You might get the idea—it would not be the first time someone did—that the upshot of all this is a notion that any distinctions between people are wrong, or that somehow there is no reason to see a difference between “clean” and “unclean,” for example. That is not what we learn from the Jesus of the gospels. It is commonly thought that Jesus treated everybody the same. No, he did not. What he did was to refuse to make distinctions based on age, gender, ethnic origin, or religious pedegree—things like that. But Jesus very clearly expressed in strong terms condemnation of those people who were self-righteous and hypocritical. What Jesus did was to shift the notion of “clean and unclean” from external matters to matters of the heart—attitudes, judgments, and intentions:

He said to them, “Then do you also fail to understand? Do you not see that whatever goes into a person from outside cannot defile, since it enters, not the heart but the stomach, and goes out into the sewer?” (Thus he declared all foods clean.) And he said, “It is what comes out of a person that defiles. For it is from within, from the human heart, that evil intentions come: fornication, theft, murder, adultery, avarice, wickedness, deceit, licentiousness, envy, slander, pride, folly. All these evil things come from within, and they defile a person.” (Mark 7:18-23)

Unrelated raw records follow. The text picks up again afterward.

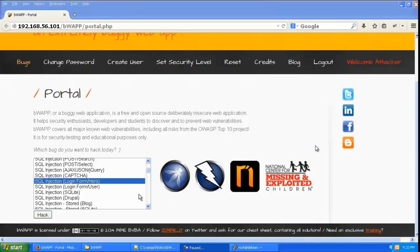Let us look into login bypass using SQL injection. So let us go to bwap and go to the SQL injection section and login form slash hero.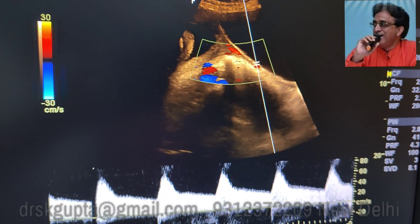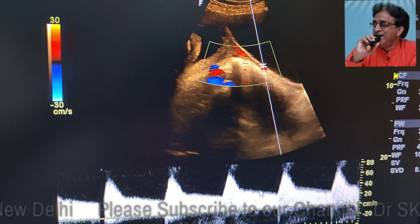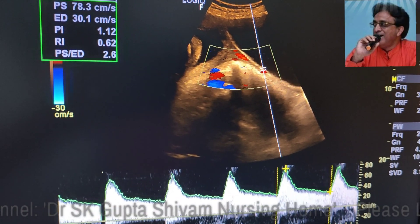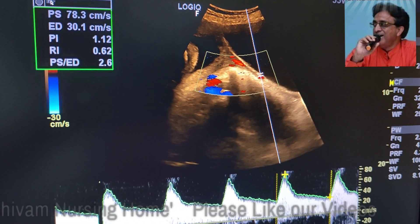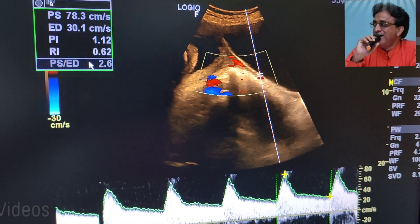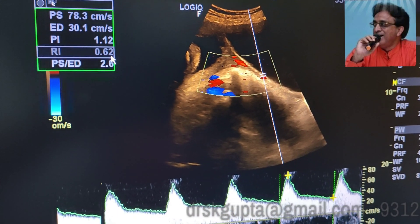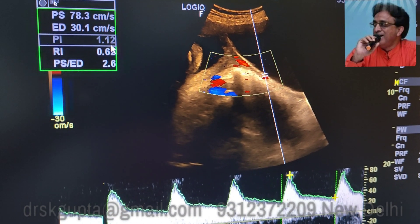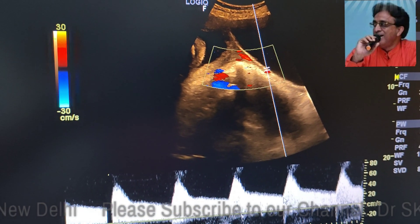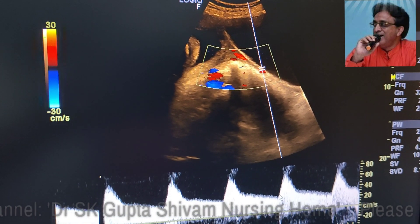When we perform the color Doppler scan of the left uterine artery, we find that the resistive index is increased. Usually the resistive index should be less than 0.5, but here the resistive index of the left uterine artery is 0.62 and the PI is 1.15. There is a diastolic notch, which signifies that there is a vascular compromise in this patient.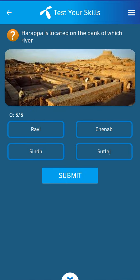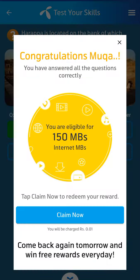Last question: Harappa is located on the bank of which river? Its answer: Ravi. Thank you, Allah Hafiz.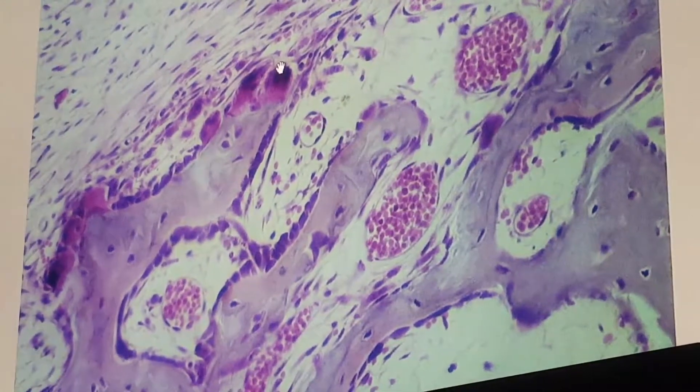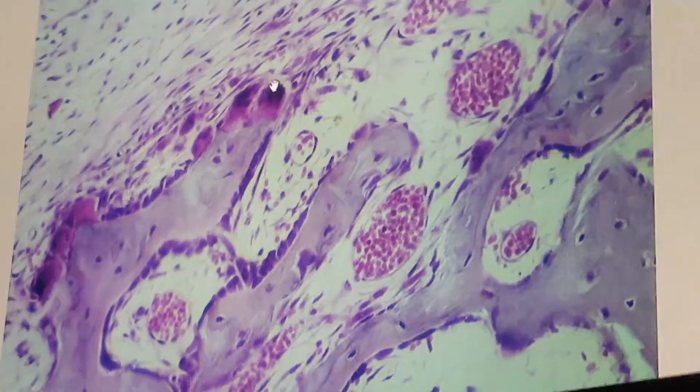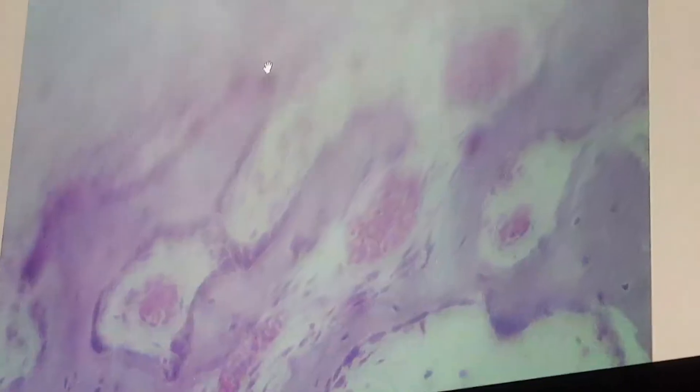This slide is stained with a trichrome stain. The last slide is a section of developing bone. We will examine the epiphyseal plates. Endochondral ossification is responsible for the growth of short and long bones.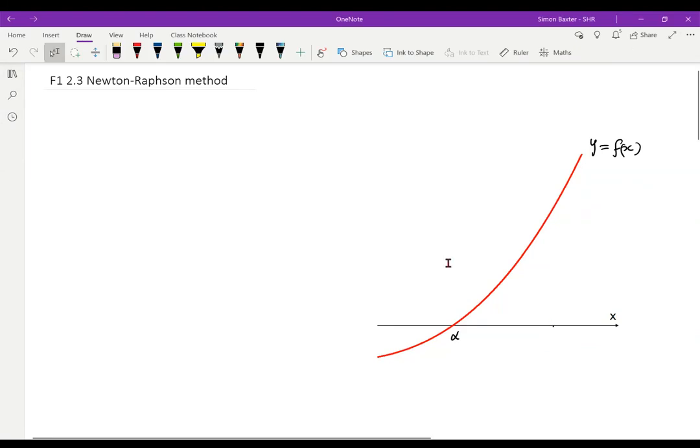In this video we shall meet the Newton-Raphson method for solving an equation of the form f of x equals naught. You have already seen the interval bisection method and the linear interpolation method. I think that this method is the best of all three. Suppose we have some curve y equals f of x and that it meets the axis at some unknown point x equals alpha.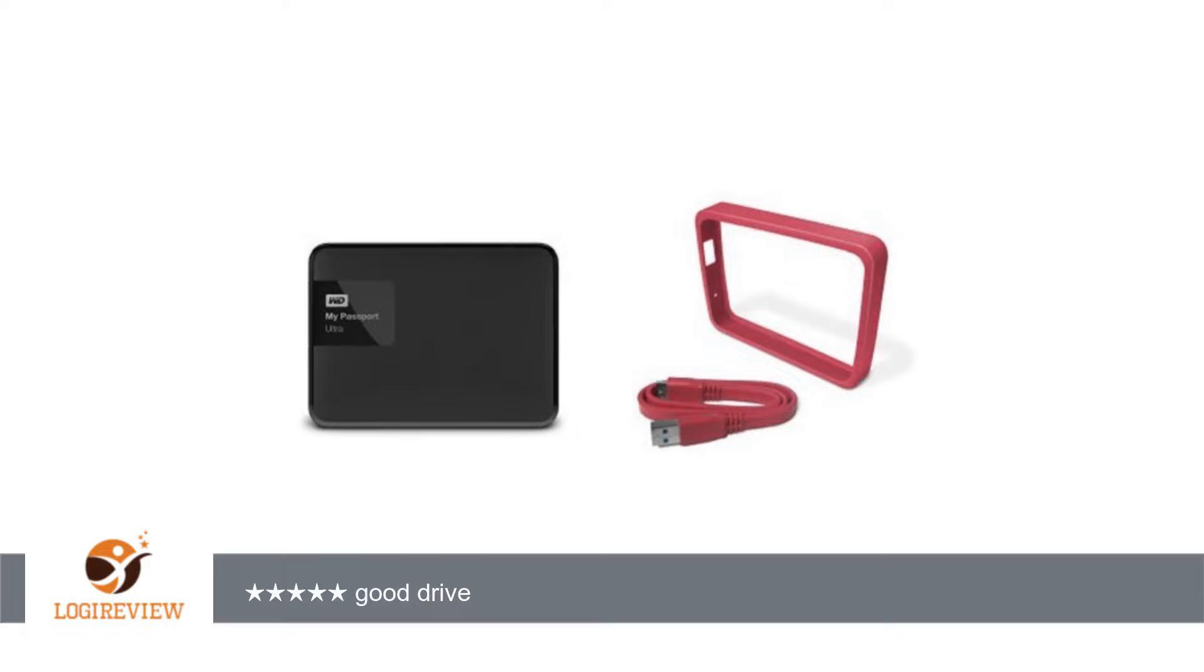A customer wrote, WD released these updated versions of the Ultra's 500GB, 1TB, 2TB, and a new 3TB. For the 2TB the old version was model WDBMWV0020BBK NESN and new version is model WDBBKD0020BBK NESN.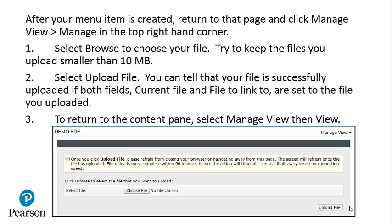After your menu item is created, return to that page and click Manage View, Manage in the top right-hand corner. Select Browse to choose your file. Try to keep the files you upload smaller than 10 megabytes and preferably closer to 2. Select Upload File. You can tell that your file is successfully uploaded if both fields, Current File and File to Link to, are set to the file you uploaded.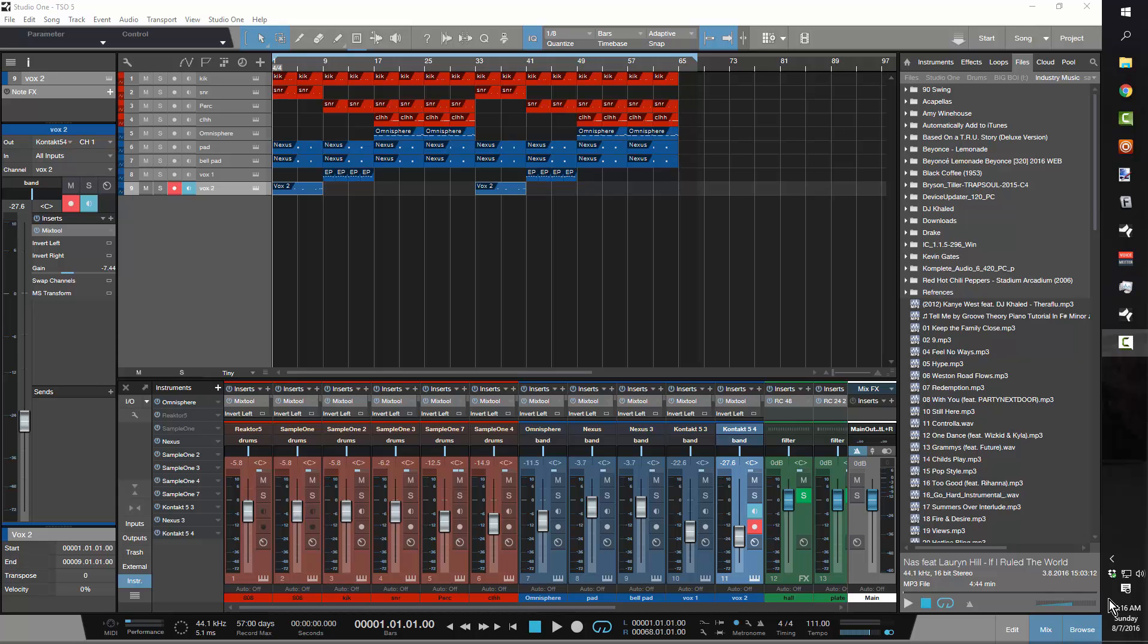What's up everybody, this is Concrete Zebra with Craftmaster Productions and StudioOneTutorials.com. Today we're going to be taking a look at a quick tip on how to save a session that's went to shit.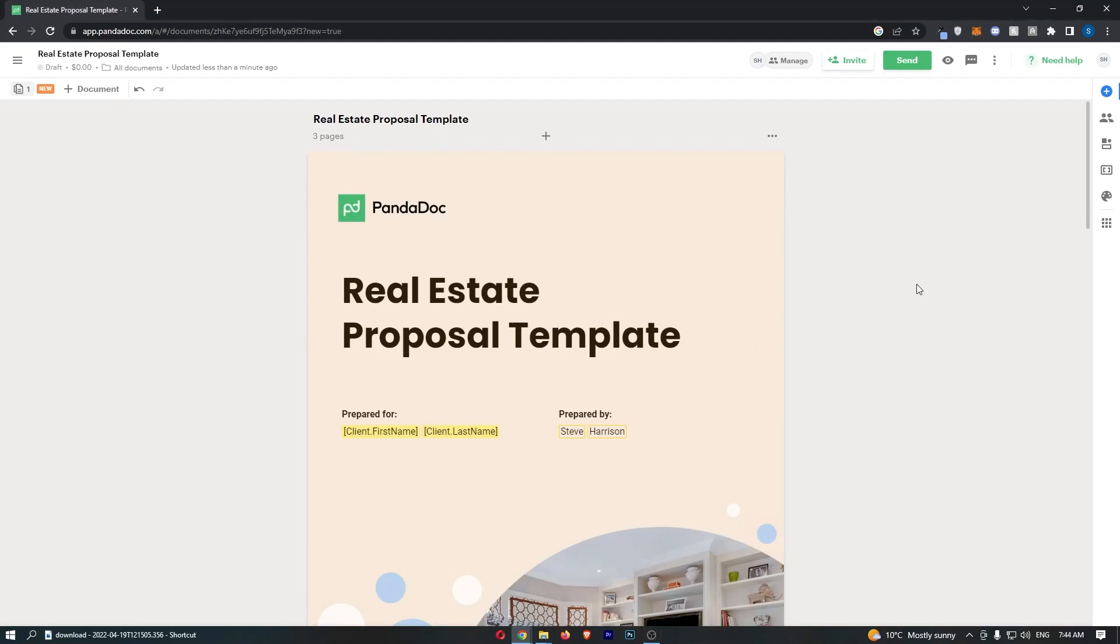How to set a document expiration on Pandadoc. This video is going to be a complete step-by-step tutorial, so if you follow along, by the end of this video you will be able to set a document expiration on Pandadoc.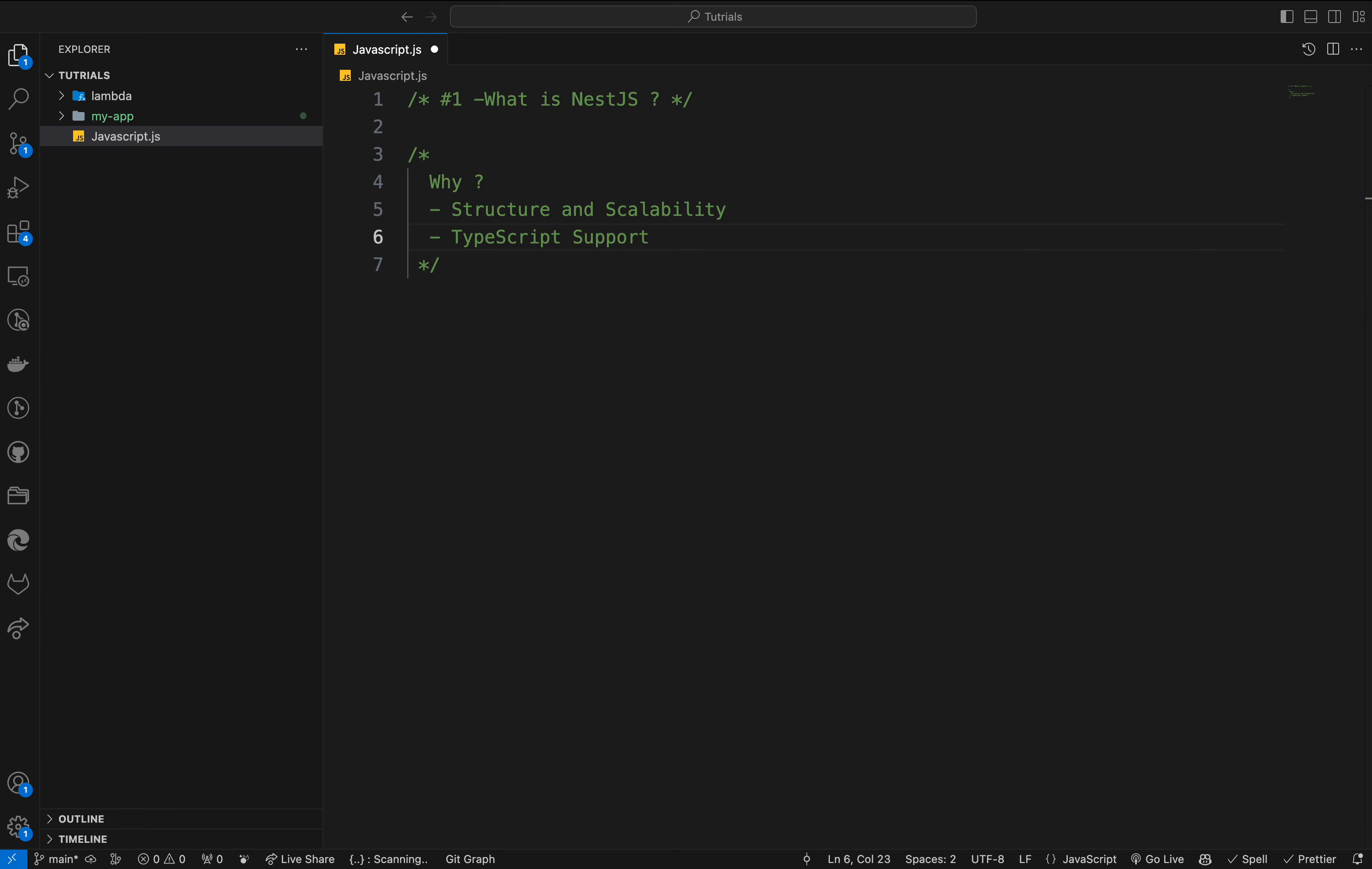The second thing is TypeScript support. NestJS has full TypeScript support with integrated type checking and higher reliability, which is a major advantage especially for large-scale projects.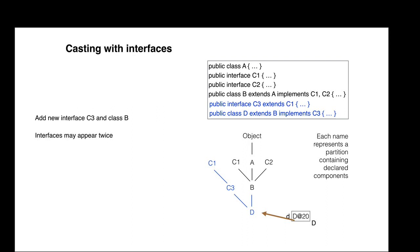Interface C1 appears twice in the object. If we cast D to C1, which C1 is meant?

What do we do with all this? What difference does it make? To become evermore conformed to the pattern of Christ—the process that we call Christian formation—we need to practice careful and thoughtful reflection on what in fact is sacred—clean, and profane—unclean. It is not that these categories have no meaning. It is that we often misapply them and as a result exclude or even demonize persons or whole groups of people. Two or three practices, even more basic than such reflection, are prayer, repentance, and the intelligent study of the Bible. The virtue that we seek to train by doing all this is the virtue of charity, the kind of generosity characterized by a soul open enough to see where we could be wrong and thus how someone different from us might be right, or at least deserving of respect.

Jostein Gaarder’s brilliant novel called Sophie’s World tells the history of Western philosophy in the guise of a mystery tale. I won’t spoil it for you by giving away the plot, but I will tell you that the 15-year-old girl at the center of the story learns how difficult it is to grasp how the human mind works and how easy it is to be prisoners of our own little worlds. As her understanding grows, so does her ability to see how rich and complex the mind is, how intricate the basic questions are. At the same time she begins to understand that the entirety of philosophy is a conversation around one or two basic questions: who am I? what is real? how should we live? It is not so different from the project that St. Stephen and the Incarnation is about, or for that matter, that the Gospel of Jesus Christ is about: getting us to stretch open our little worlds (they can be little even when loaded up with much intellectual and political baggage) and become something new. To do that is often confusing and always a little scary. But it is a piece of the great transformation that God is about in bringing us to new life. And it is a big part of what we celebrate and call Resurrection.